Numericamente, o impacto da decisão não atinge a maioria dos 2.875 que captaram recursos pelo mecanismo de incentivo no ano passado. Destes, apenas 288 ultrapassaram o valor que o governo propõe como limite.
Neste novo cenário que se desenha, é praticamente certo que os principais prejudicados serão os musicais, que são caros e dependem das leis de incentivo. Eles não devem ser listados entre as exceções.
Para se ter uma ideia, no ano passado o Ministério da Cultura, que hoje virou uma subpasta no Ministério da Cidadania, autorizou o espetáculo O Fantasma da Ópera a captar R$ 28,6 milhões, o que causou polêmica. A produção acabou conseguindo captar, ao fim, quase R$ 14 milhões desse total. O espetáculo Bem Sertanejo, por sua vez, captou R$ 7,3 milhões.
Entre todos os projetos do ano passado que ultrapassam o R$ 1 milhão agora proposto,
30 são musicais.
— É indubitável que os musicais geraram uma máquina de emprego e de renda. Talvez devesse mesmo haver um limite, mas R$ 1 milhão não coloca um musical de pé — diz Cristiane Olivieri, advogada especializada no mercado de cultura.

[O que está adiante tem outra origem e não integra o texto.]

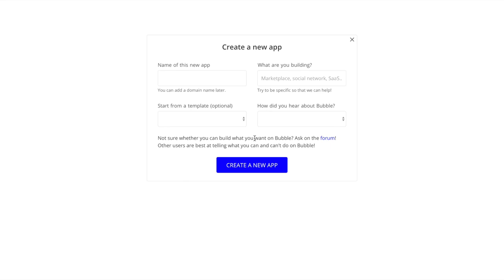Hey everyone and welcome to a new NoCode tutorial for NoCodeHQ. Today we'll be building a simple one-page app cost calculator using Bubble - basically a page where users can enter some features and select what platform they want to build their app for. It's a quote estimation or app cost estimation tool. You could use it for all kinds of pricings, estimations, or quotes - basically an online calculator for your service.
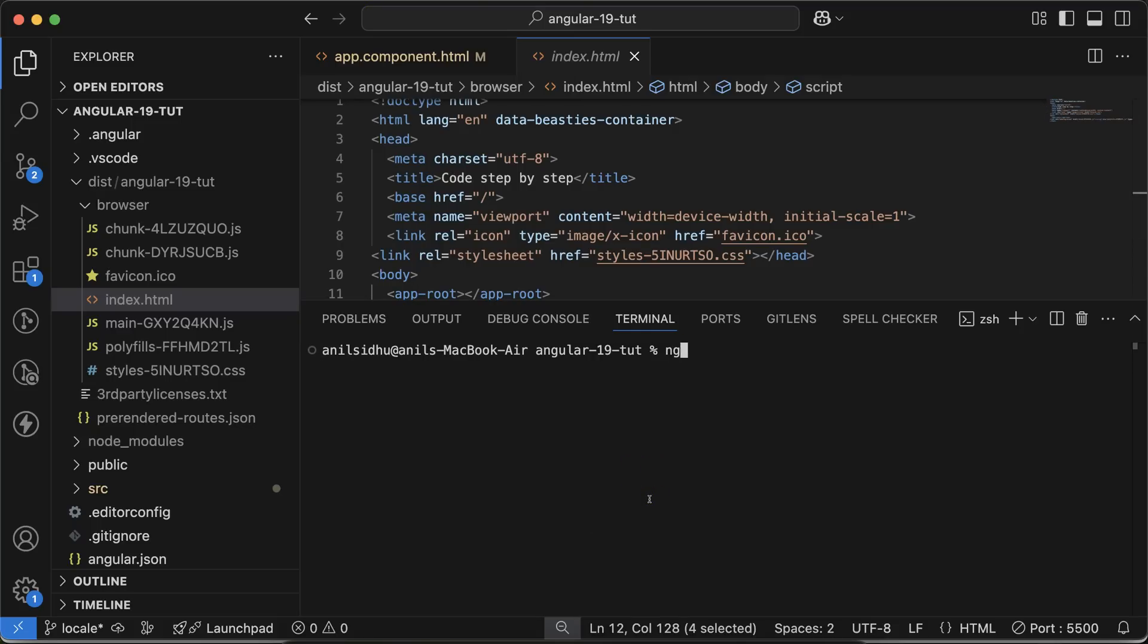npm i -g http-server. That means we are installing the HTTP server globally in our system. Why globally? Because this package is not required in the Angular package. This is used to run the Angular application, so it's better if we install it globally in our system. That's why we're using the -g flag.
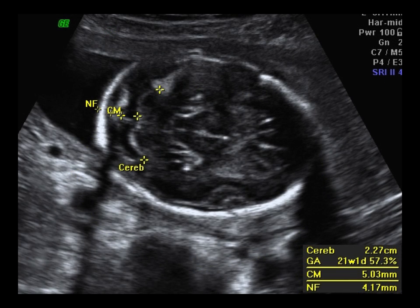From your head circumference image, you can angle towards the back of the head to measure the cerebellum, cisterna magna, and nuchal fold. Remember, the nuchal fold is only measured up to 21 weeks.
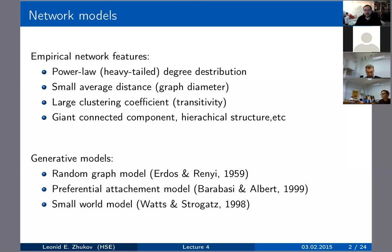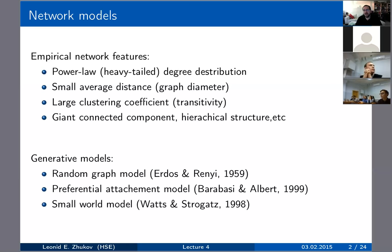Other features include a giant connected component, hierarchical structure, and more. We already discussed the Erdős–Rényi model, which goes back to 1959. Today we'll discuss two newer models: the preferential attachment model by Barabási and Albert, and the small world model by Watts and Strogatz — both created in the late 1990s during a new wave of network science.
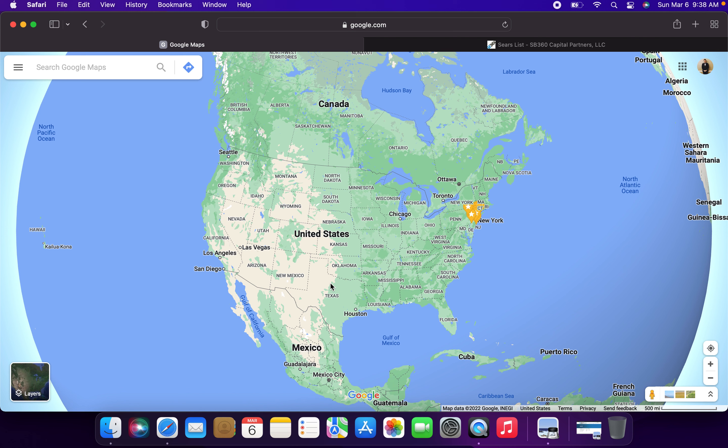The reason why I say today is going to be a sad day for these three states and the one region is because each of these states and regions will be losing their last store within the state and also their last store within the region of the state. So, let's start out with Montana.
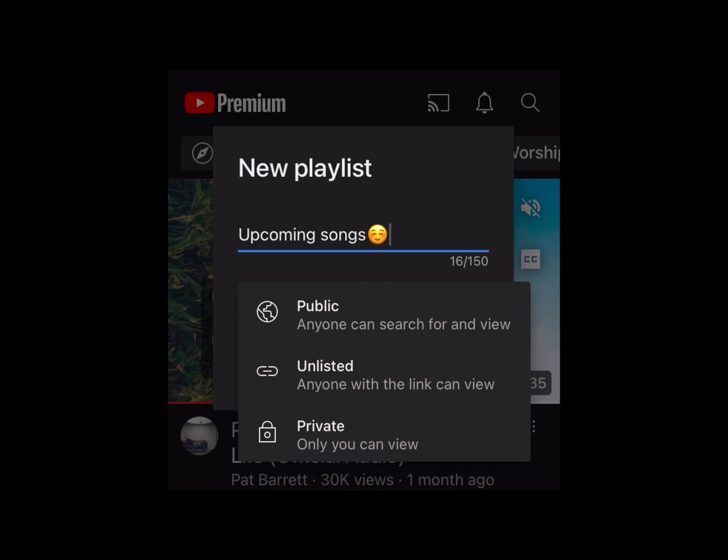You might ask, why would you use Unlisted? I use it for my choir — everyone can't see it when they pull up my YouTube page, but my choir has the link and can always view it that way. Public is for anyone, so if you're creating a playlist for something like Christian workout songs and you want anyone to find it by searching, they can type it in and find your whole list. Private is for no one else to view — totally up to you.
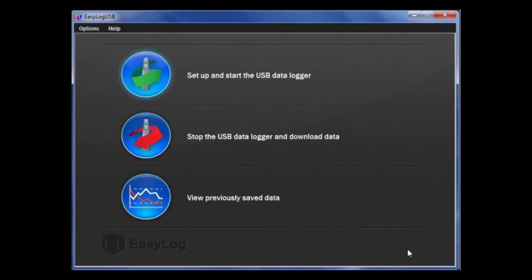Now, you can take the data logger out of the USB port and place it in the desired location as it is ready to start taking data.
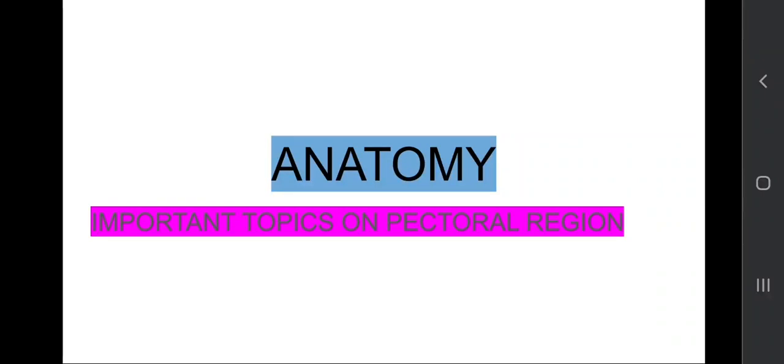Hello friends, welcome to my YouTube channel. Today I'm going to discuss the important topics on pectoral region. These are the most important topics which can be asked in your university exam, so be prepared with this topic.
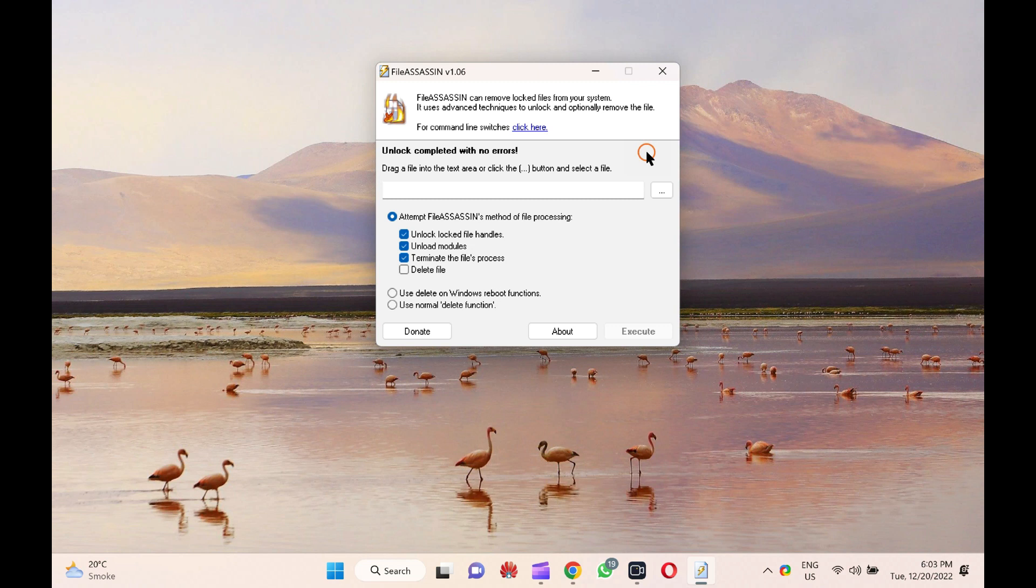If you have ever used a Windows operating system for a while, you might have dealt with files that don't delete. It doesn't matter how many efforts you make to delete that file, it simply refuses and does not leave your computer.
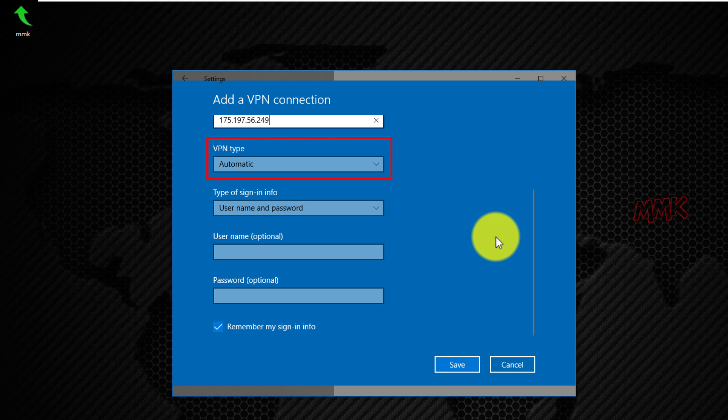VPN type: automatic, leave it by default. Type of sign-in info: username and password, leave it by default.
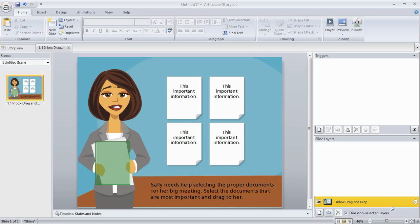Now the question is, okay, I can build a drag-and-drop. Where's the most appropriate time, or when's the most appropriate time for me to do that? What are the best types of interactions? What are the best learning experiences I can craft with that?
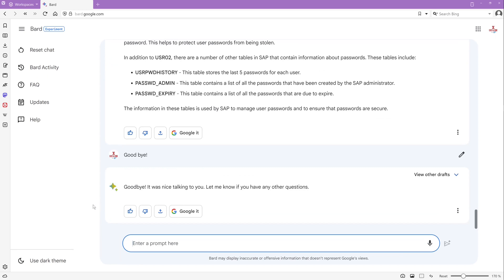Will Bard replace us software developers? I think not. That was my short impression of Bard the AI from Google. If you like such videos please subscribe to my channel. Leave me your opinion about this video in the comments. I hope you will be back for the next video. Greetings and see you soon.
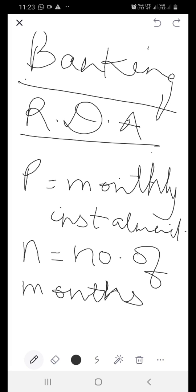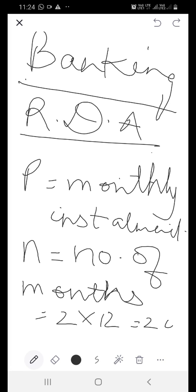Suppose you are depositing for 2 years. The number of years has to be converted into months, so it becomes 24 months. So N is 24 if you deposit for 2 years. P is the monthly installment and N is the number of months.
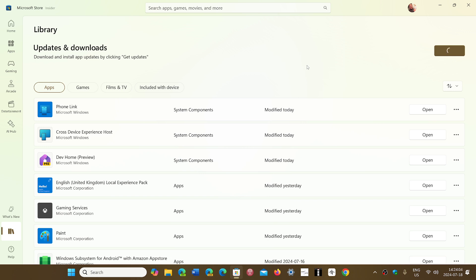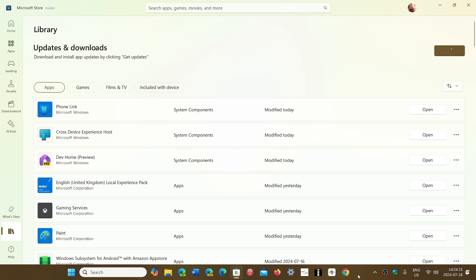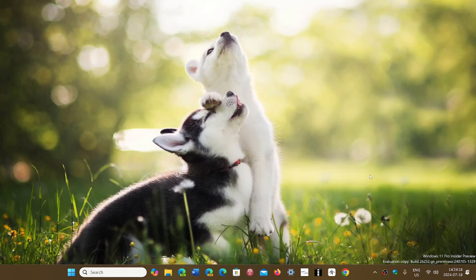If you have an issue with any of the core apps, go to the Microsoft Store and check for updates to see if there's anything that could help you out with the problem.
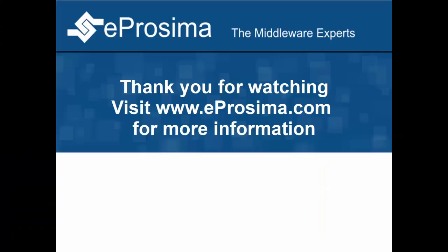As you can see, I have shown you how to create a simple publisher subscriber example in just a few minutes. Thank you for watching and please visit eProsima.com for more information.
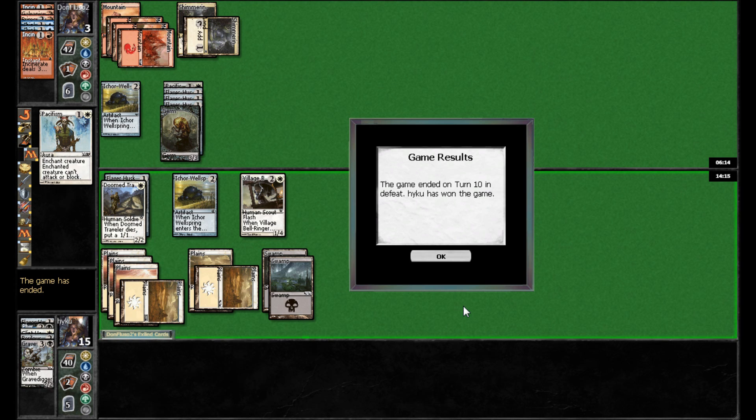So, much faster game two. Haiku won pretty handily there. Don really never got anything going and looks like he just drew into a lot of land. So, that was game two. I'll be back in a minute for game three.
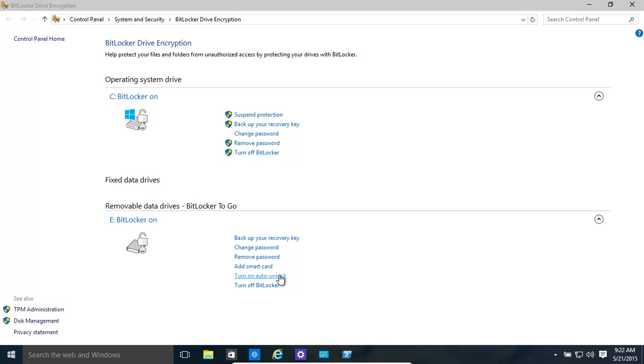You can turn on auto unlock if you want to. That might be quite nice in case you forget passwords, etc. Where it's remembering it for this computer and for that drive. Hopefully, all this has helped. Thank you for watching.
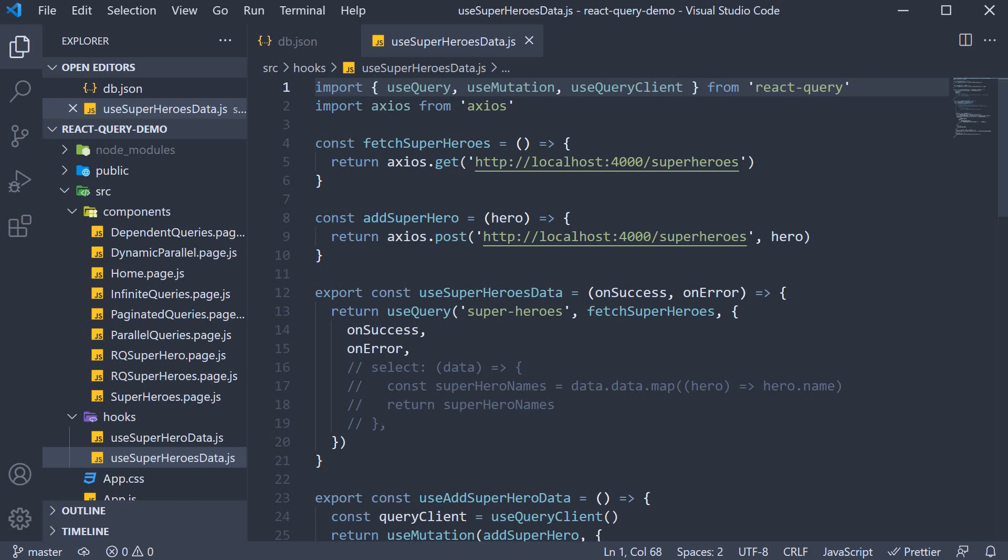Welcome back everyone. In this video let's see how to add an Axios interceptor when working with React Query.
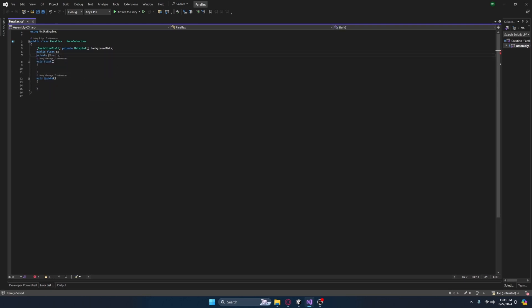We can then create a private float array and let's call this parallax scales. As I mentioned before, parallax happens in layers — the furthest most background layer will move a lot slower than the foreground. That's just what happens in real life as well. When you look at something and you move, things that are closer to you look like they are moving faster than things behind.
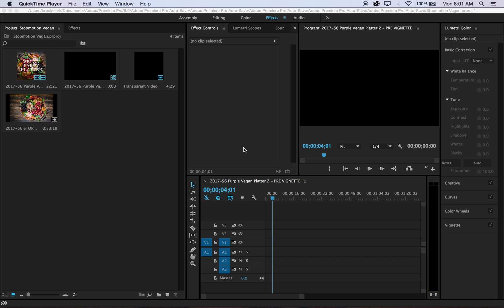Have you ever taken a video, pulled it into Premiere for editing, and then wished that either you shot the video in a different direction, or maybe the framing isn't quite right? This trick is for you.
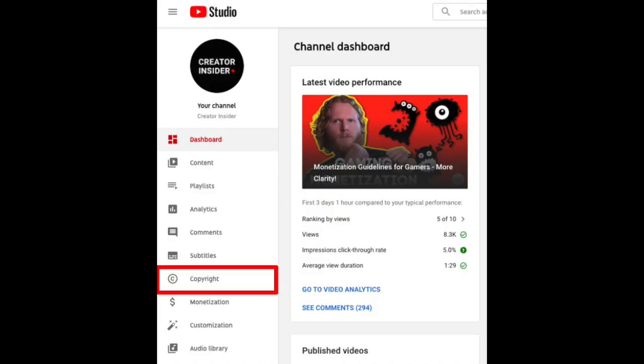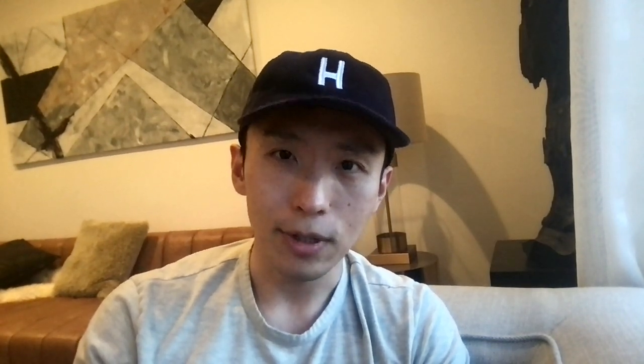Our first update is around our copyright unified web form. We recently launched this new version of the copyright takedown web form, which now lives in YouTube Studio. The new web form can be found in the copyright tab in YouTube Studio, or by directly reporting the video from its watch page. In addition to the improved user interface, users will also have the option to schedule a takedown to take effect after seven days. This feature was previously only available to copyright match tool and content ID users.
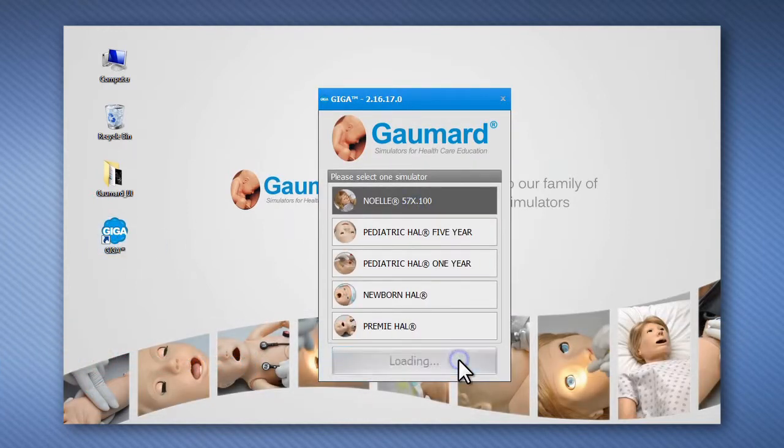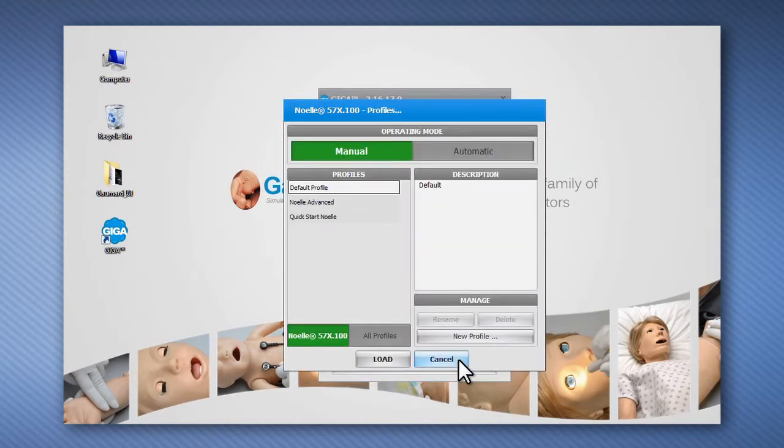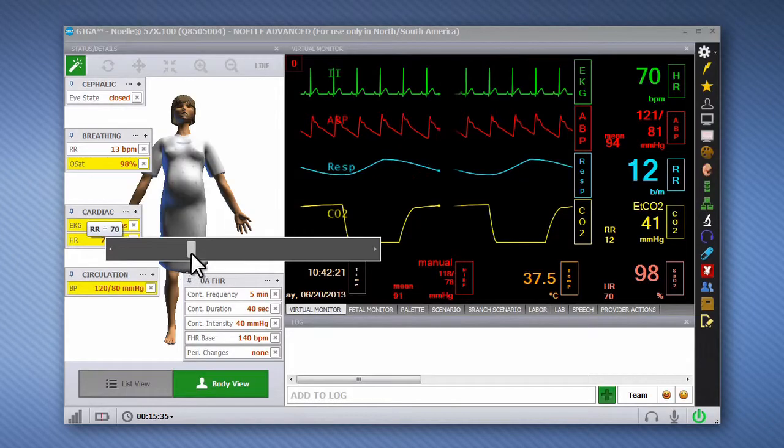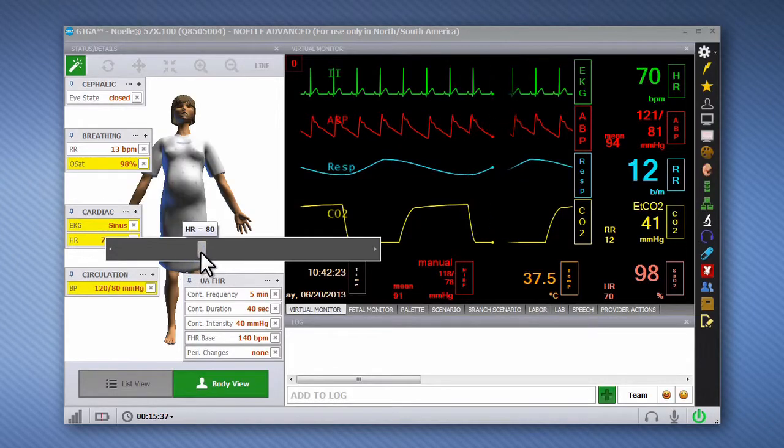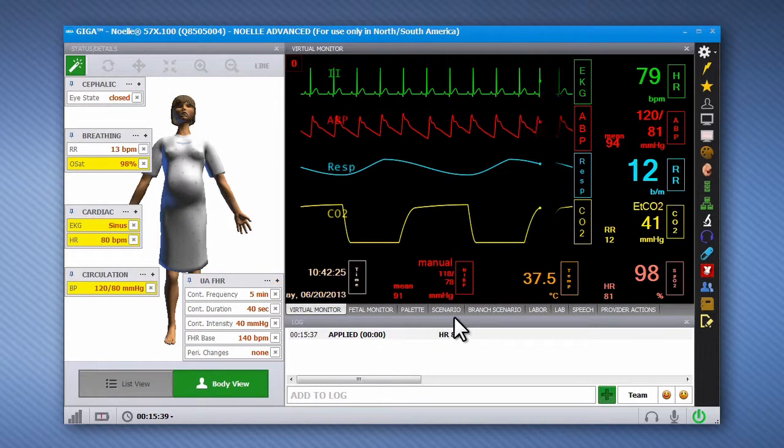The GIGA Simulator Control software has two modes of operation. In the manual operating mode, vital sign changes are controlled manually using the on-the-fly controls or by programming scenarios.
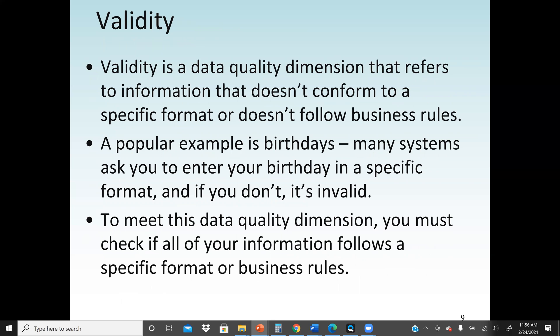The next dimension is validation or validity. Validity means our data is correct or genuine. Validation is a data quality dimension that refers to information that doesn't conform to a specific format or doesn't follow a business rule. If we have a data set where the format is correct and the content is correct, then it's valid. A good example is a birthday field — many systems will ask you to enter your birthday in a specific format, and if you don't, it's invalid. To meet this dimension, we must check that all information follows a specific format or business rules.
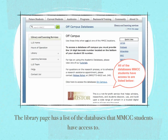The MidMichigan Community College Library page has access to all of the databases that Mid actually has access to. There's information about who to contact if there are questions, or if you need to make an appointment for research assistance.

O presidente Bolsonaro repetiu à rádio algo que diz desde a campanha ao Planalto. A lei, segundo ele, serviria para a esquerda comprar apoio político dos artistas. Entre os projetos que passaram do valor do novo teto, contudo, não há nenhuma turnê individual.
É importante lembrar que já há uma instrução normativa que limita os cachês artísticos a
R$ 45 mil, no caso de apresentações solo, e R$ 90 mil no caso de grupos. Com projetos acima de R$ 1 milhão, estão grandes museus como o Masp e a Pinacoteca, ambos em São Paulo. Além disso, também aparecem bienais, festivais e feiras, como a Flip e a Mostra Internacional de Cinema.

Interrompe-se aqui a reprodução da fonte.